Zum Hauptinhalt springen

Das große Gasrätsel

Von Bernd Vasari

Wirtschaft
Im Notfall sind Unternehmen angewiesen, ihre Produktion zugunsten der Versorgungssicherheit von Haushalten einzustellen.
© Getty Images

Je näher der Winter rückt, desto mehr Fragen zur Energieversorgung tauchen auf. Eine Einordnung.


Sanft baumelnd in einer gemütlichen Hängematte, die Füße im feinsandigen Badestrand, den Sommer spüren und genießen. Doch immer häufiger wird dieses Wohlgefühl von unangenehmen Gedanken gestört: Wird sich das mit den Gasmengen ausgehen, wenn die Sonne nicht mehr kräftig vom Himmel scheint? Was passiert bei einem Gasmangel? Wer hat überhaupt Anspruch auf Gas und wer wird es verteilen?
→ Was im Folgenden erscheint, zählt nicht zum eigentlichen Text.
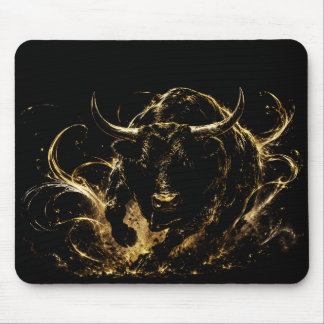 Tapis de Souris Élégant Taureau de Feu Musmatta
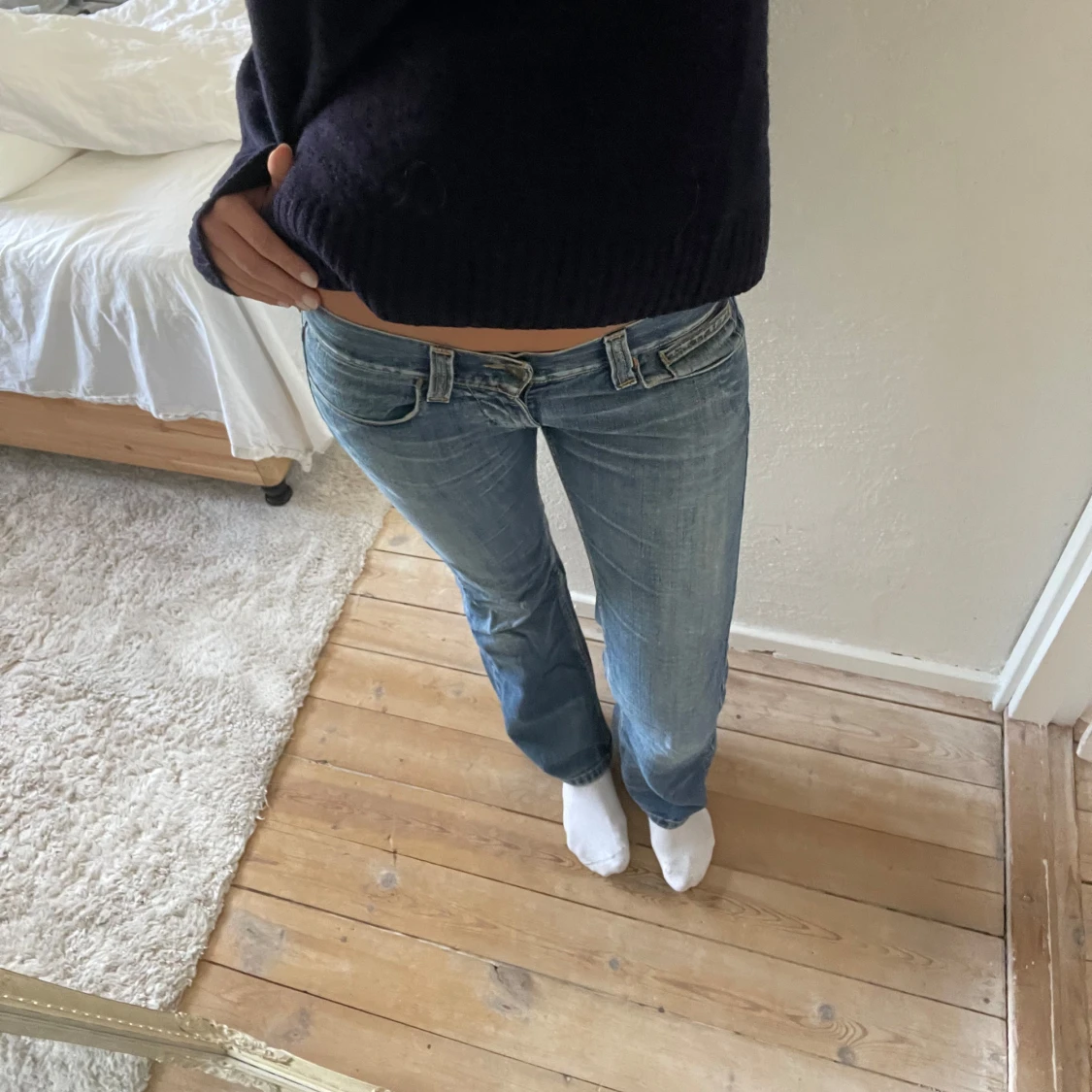 Lågmidjade bootcut jeans - 1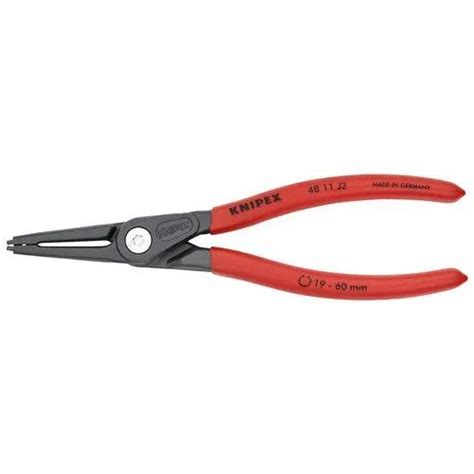 Chrome Vanadium Knipex 48 11 J2 Precision Internal Circlip Pliers Size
Nun drängt auch schon die EU-Kommission zur Eile im Kampf gegen einen möglichen Gasmangel. Was kommt da auf uns zu? Ein Überblick zum aktuellen Stand:

  • Wird Russland das Gas abdrehen?

Die Unterwasser-Gasleitungen Nord Stream 1 von Russland nach Deutschland werden derzeit bis 21. Juli gewartet. Es fließt daher kein Gas. Ob es zu einer Wiederaufnahme von Lieferungen kommt, ist nach den aktuellen Äußerungen des russischen Außenministeriums äußerst unwahrscheinlich: Solange die EU-Sanktionen gegen Russland gelten, bleibe der Gashahn abgedreht. Ohne Nord Stream 1 würden die Österreich-, aber auch die EU-Vorgaben verfehlt werden, bis November die Gasspeicher auf 80 Prozent zu füllen.
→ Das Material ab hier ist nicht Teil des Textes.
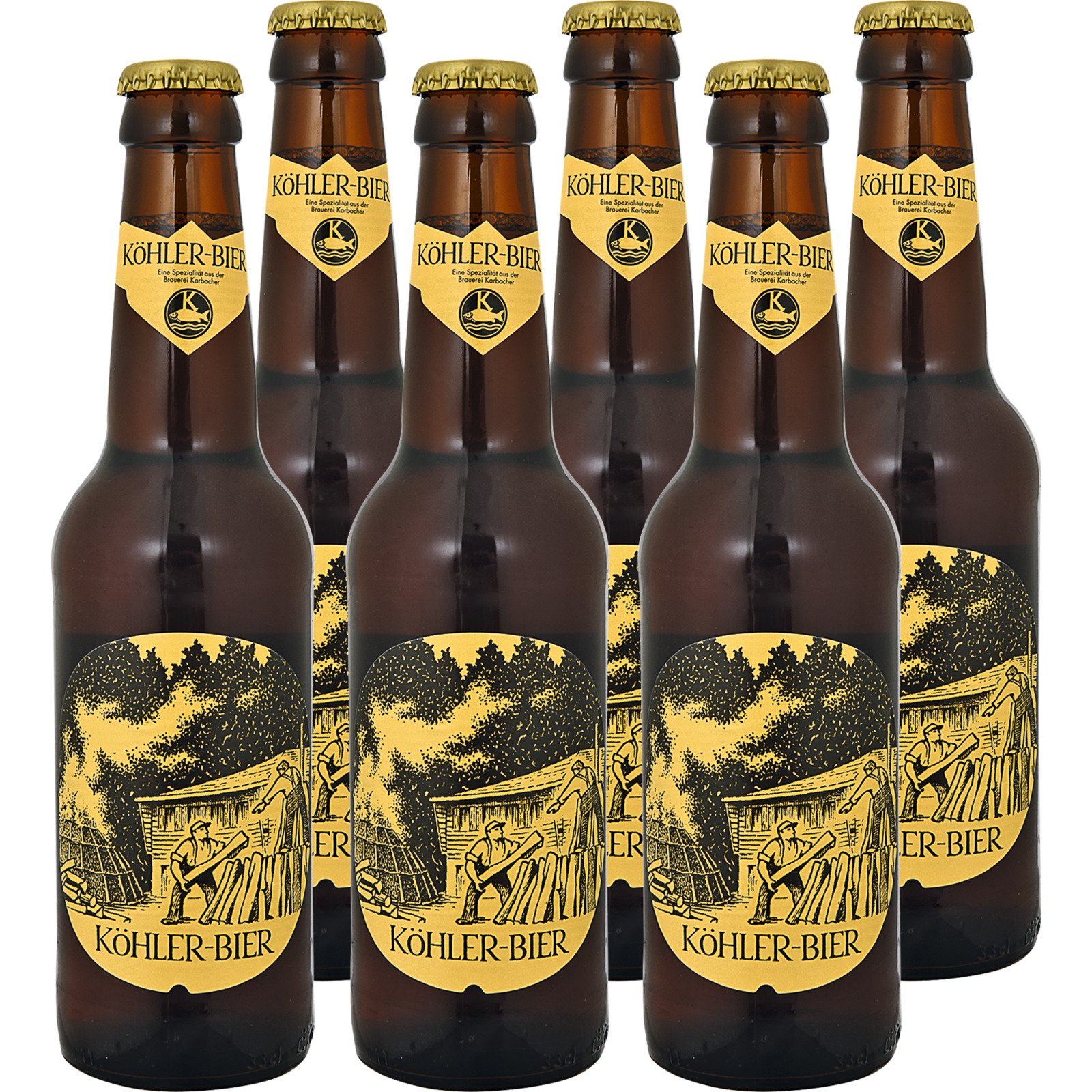 Köhler Bier 6x33cl Glas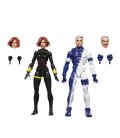 Pack 2 figuras hasbro marvel legends series earths mightiest heroes avengers black widow & quicksilver
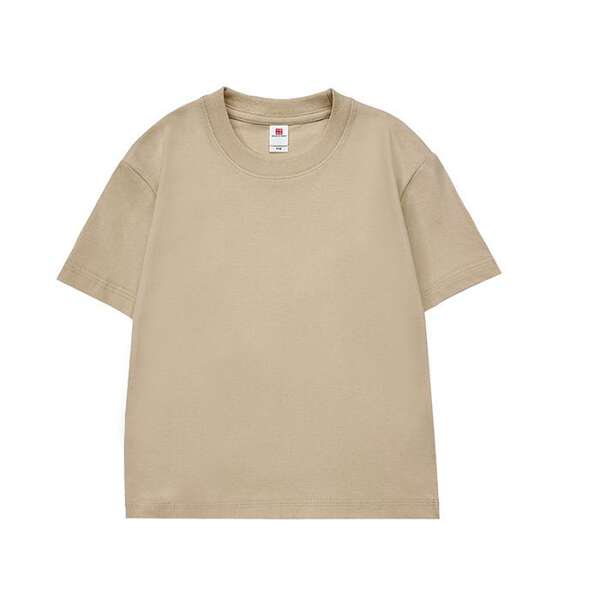 Camiseta de algodão puro para crianças 220 gramas de algodão personalizado padrão de logotipo para crianças vestido de verão para o comércio exterior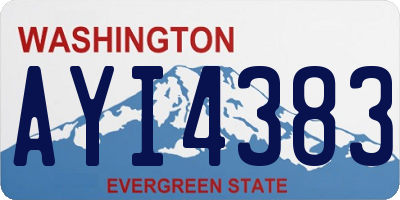 WA license plate AYI4383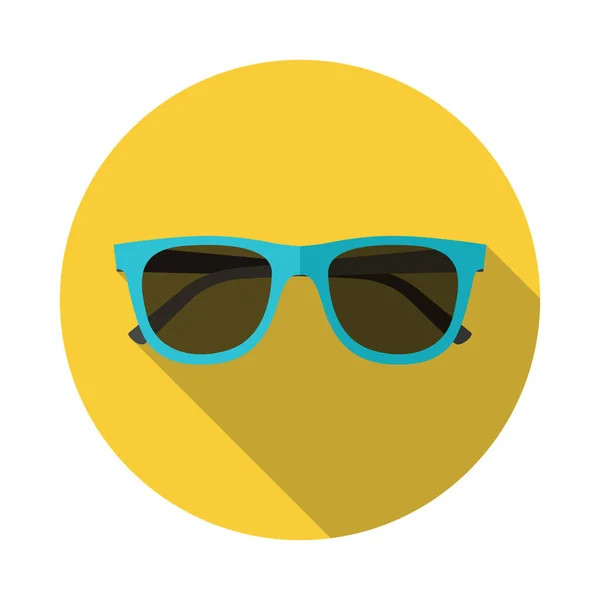 Sunglasses icon. Flat design style. — Stock Vector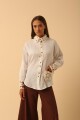 Camisa Crochet Blanco
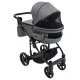 Коляска 2 в 1 Adamex Zico Eco Sa-4 тёмно-серый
  • Gibt es einen EU-Notfallplan im Falle eines Gasstopps?

Die EU-Kommission wird am 20. Juli einen Gasnotfallplan vorstellen. Durchgesickert ist bereits der Vorschlag einer Maximaltemperatur von 19 Grad in öffentlichen Gebäuden. Weiters sollen Unternehmen finanziell unterstützt werden, wenn sie auf Gasverbrauch verzichten. Nach EU-Recht seien zudem private Haushalte besonders geschützt. Im Fall einer Gasrationierung wären sie als letzte betroffen.

  • Auf welche Szenarien bereitet sich Österreich vor?

Die Versorgungssicherheit von Haushalten und systemrelevanten Betrieben wie Lebensmittelhersteller oder Krankenhäusern hat oberste Priorität. Sollte Russland die Erdgaslieferung vollständig einstellen, wird der Verbrauch in allen Sektoren reduziert. Im Notfall sind Unternehmen angewiesen, ihre Produktion zugunsten der Versorgungssicherheit von Haushalten einzustellen.

  • Darf der Staat auf das Gas in den Speichern zugreifen?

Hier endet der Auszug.